Both Citrix Systems and VMware realized that for their VDI offerings to succeed they had to overcome the detriment of having to store and manage full VM images for each virtualized desktop, and they did. But unlike Parallels, they implemented their solutions outside the hypervisor.
Citrix Systems has solved the problem within its Provisioning Server. It supports creating one or several golden virtual machine images, as well as VM templates that define resource configurations such as memory, disk space and I/O devices. Once a golden VM image is created, it can be used for multiple virtual desktop users. Virtual desktop changes that occur during a user session are stored and retained in a so-called write-cache. "You can get hundreds of virtual desktops running off the same image, with literally 100% savings on disk space," noted Citrix Systems' Hsu. Different from Parallels, the write-cache feature doesn't work with DAS but requires shared storage.
VMware has addressed the storage issue with its VMware View Composer, a new component in VMware View 3. View Composer uses VMware linked clone technology to create desktop images that share virtual disks with a master image to conserve disk space.
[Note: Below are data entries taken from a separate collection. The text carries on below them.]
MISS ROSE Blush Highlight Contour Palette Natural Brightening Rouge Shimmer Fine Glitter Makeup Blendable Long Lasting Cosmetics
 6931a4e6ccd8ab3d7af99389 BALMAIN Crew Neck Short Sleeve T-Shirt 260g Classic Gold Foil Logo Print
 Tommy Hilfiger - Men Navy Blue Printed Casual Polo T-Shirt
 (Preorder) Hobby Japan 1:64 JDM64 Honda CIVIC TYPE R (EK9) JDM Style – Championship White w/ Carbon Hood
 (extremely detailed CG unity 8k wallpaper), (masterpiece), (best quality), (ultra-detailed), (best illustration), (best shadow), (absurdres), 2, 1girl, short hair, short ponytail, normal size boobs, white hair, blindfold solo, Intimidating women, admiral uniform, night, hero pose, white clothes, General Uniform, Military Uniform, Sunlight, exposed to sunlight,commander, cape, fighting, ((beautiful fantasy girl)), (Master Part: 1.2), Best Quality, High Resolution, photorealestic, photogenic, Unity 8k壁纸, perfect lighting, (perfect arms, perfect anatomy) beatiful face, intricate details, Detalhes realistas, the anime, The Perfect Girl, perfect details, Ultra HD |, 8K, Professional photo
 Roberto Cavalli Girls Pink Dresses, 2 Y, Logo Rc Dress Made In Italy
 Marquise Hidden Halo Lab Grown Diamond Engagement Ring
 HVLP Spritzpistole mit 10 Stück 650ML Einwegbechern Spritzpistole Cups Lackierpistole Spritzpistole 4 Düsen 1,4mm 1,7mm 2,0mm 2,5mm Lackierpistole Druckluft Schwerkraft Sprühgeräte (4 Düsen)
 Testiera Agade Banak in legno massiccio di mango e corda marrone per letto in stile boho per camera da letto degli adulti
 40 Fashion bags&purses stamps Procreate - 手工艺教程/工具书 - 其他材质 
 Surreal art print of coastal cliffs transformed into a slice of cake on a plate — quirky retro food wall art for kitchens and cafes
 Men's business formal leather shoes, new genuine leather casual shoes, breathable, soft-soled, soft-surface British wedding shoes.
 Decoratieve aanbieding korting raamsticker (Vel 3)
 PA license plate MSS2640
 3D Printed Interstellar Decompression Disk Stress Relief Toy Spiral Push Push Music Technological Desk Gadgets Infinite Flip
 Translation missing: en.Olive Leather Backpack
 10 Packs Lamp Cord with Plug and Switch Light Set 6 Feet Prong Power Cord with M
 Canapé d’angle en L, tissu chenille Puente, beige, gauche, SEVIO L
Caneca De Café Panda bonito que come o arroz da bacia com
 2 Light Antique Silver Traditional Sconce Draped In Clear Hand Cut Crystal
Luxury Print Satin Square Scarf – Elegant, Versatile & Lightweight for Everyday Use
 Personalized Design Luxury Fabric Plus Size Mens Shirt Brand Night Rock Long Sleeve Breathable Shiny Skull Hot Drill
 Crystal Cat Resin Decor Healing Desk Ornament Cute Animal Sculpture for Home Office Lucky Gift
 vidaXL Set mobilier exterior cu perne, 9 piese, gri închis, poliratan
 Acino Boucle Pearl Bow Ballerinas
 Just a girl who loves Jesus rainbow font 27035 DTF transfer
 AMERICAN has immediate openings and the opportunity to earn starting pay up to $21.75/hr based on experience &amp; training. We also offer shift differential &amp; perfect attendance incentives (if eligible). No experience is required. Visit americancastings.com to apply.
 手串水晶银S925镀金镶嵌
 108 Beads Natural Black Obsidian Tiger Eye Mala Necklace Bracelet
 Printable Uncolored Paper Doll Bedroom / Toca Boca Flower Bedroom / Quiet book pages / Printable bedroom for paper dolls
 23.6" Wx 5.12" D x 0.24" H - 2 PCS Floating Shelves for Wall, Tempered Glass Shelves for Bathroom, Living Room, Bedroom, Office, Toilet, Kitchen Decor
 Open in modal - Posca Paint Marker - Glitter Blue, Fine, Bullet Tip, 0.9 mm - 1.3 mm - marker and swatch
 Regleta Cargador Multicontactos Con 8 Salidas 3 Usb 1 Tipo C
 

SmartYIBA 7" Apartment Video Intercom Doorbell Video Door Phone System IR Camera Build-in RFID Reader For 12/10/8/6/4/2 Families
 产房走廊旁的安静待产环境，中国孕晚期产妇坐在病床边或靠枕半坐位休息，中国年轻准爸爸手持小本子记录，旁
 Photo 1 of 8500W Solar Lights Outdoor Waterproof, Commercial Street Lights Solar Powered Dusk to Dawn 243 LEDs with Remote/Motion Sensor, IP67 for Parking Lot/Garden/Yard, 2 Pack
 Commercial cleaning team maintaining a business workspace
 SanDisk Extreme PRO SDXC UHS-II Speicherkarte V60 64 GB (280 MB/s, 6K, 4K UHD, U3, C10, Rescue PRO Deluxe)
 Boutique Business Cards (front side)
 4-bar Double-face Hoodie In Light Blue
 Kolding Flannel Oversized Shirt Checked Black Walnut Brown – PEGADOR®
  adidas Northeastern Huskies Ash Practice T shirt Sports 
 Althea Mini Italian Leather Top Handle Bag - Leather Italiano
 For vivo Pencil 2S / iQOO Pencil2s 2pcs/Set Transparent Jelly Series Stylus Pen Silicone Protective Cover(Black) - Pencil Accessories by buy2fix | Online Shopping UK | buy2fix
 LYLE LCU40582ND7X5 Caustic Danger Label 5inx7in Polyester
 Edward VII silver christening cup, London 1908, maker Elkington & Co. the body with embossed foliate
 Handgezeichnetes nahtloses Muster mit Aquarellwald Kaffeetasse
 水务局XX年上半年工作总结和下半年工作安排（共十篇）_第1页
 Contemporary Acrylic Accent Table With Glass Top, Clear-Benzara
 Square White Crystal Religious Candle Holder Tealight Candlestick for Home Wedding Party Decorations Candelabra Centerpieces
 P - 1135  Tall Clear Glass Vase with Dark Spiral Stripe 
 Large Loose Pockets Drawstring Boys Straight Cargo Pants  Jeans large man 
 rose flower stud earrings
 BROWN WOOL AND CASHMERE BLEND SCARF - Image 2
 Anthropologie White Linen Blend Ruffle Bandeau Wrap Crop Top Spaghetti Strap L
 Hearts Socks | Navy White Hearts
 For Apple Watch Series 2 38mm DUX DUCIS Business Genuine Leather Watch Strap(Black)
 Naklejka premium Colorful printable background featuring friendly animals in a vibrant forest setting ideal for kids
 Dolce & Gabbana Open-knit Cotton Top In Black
Individual desktop VM images are linked to a master virtual machine image and, as a result, can simply be patched or updated by updating the shared master image, all without affecting user-specific settings, data or apps. During runtime, VMware View Composer combines the master image with changes the user made. "View Composer reduces storage needs and costs by up to 70% while simplifying desktop management," VMware's Sakac said.